SN: Was kann es für eine Lösung am Verhandlungstisch geben? Man könnte sich zum Beispiel auf einen neuen unabhängigen Wahlrat oder ein neutrales Oberstes Gericht einigen. Und auf Präsidentschaftswahlen in einem Jahr. Die Regierung und die Chavisten müssten selbst entscheiden, ob sie wieder mit Maduro antreten wollen.
SN: Guaidó hat den Machtwechsel nicht geschafft. Er verhandelt und will zugleich den Druck auf der Straße aufrechterhalten. Geht das? Zum Teil. Guaidó hat Versprechen gemacht, die er nicht gehalten hat. Die Menschen sind zunehmend enttäuscht. Der radikale Flügel der Opposition hält es für einen Fehler zu verhandeln. Vor einem halben Jahr gingen 63 Prozent der Venezolaner davon aus, dass ein Machtwechsel schnell passiert. Mittlerweile denkt das noch ein Viertel der Bevölkerung. Die Erwartungen waren zu hoch. Aber Guaidó hat noch immer Zustimmungswerte von über 50 Prozent. Die Hoffnung auf einen Wechsel ist ungebrochen.
SN: Bei fast vollständig kollabierter Wirtschaft kann das nicht mehr lang dauern ... Die Wirtschaft ist nicht komplett kollabiert. Und eine zerstörte Ökonomie hätte nicht unbedingt den Sturz der jeweiligen Regierung zur Folge. Zudem hat Maduro mächtige Verbündete: Russland, China, die Türkei und Indien.

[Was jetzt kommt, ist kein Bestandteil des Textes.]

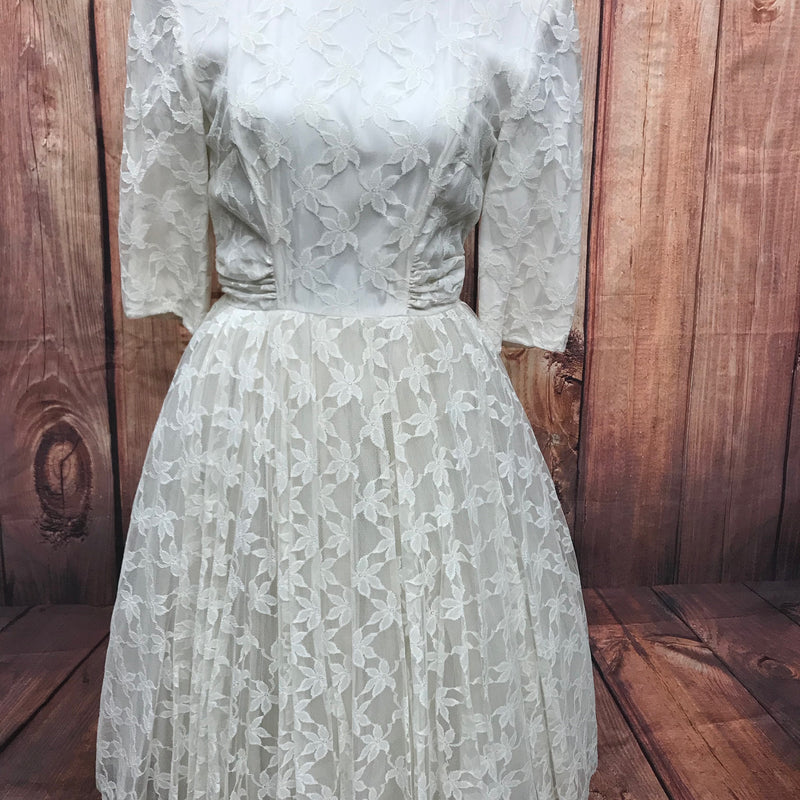 Original 50er-Jahre Vintage-Brautkleid aus elfenbeinfarbener Spitze mit Petticoat, ¾-Ärmeln und schwingendem Tellerrock, Größe 34, sehr guter Zustand.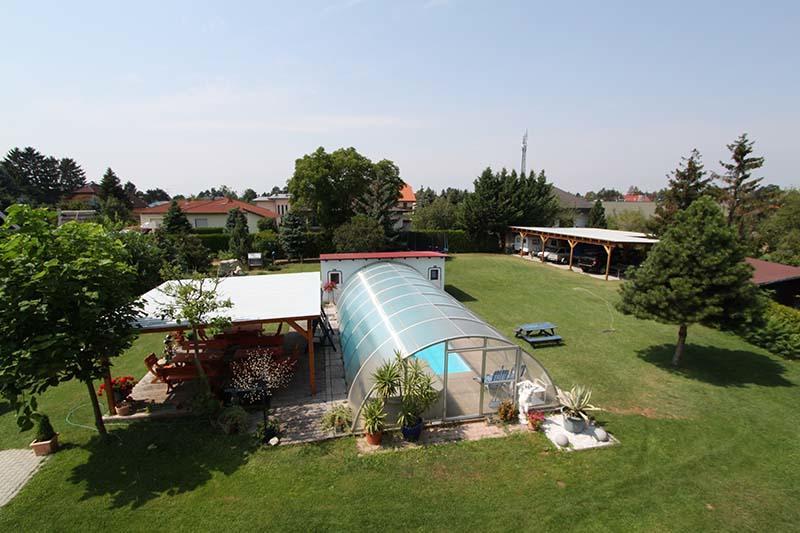 Gaestepension Sport 71 Strasshof an der Nordbahn Esterno foto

SN: Wie viel Zeit bleibt dem Regime? In meinem Job rede ich von Wahrscheinlichkeiten. Die Chance, dass es kurzfristig einen Wechsel gibt, liegt nicht höher als 30 Prozent. An eine schnelle Lösung glauben nur die USA, die Maduro mit Sanktionen in die Knie zwingen wollen. Aber das funktioniert selten. Auf mittlere Sicht wird es aber schwierig für Maduro. Klar ist für mich nur eines: die Lösung des Konflikts können nur Verhandlungen bringen.
Zur Person: Luis Vicente León ist Chef und Gründer von Dataanálisis, dem wichtigsten venezolanischen Meinungsforschungsinstitut.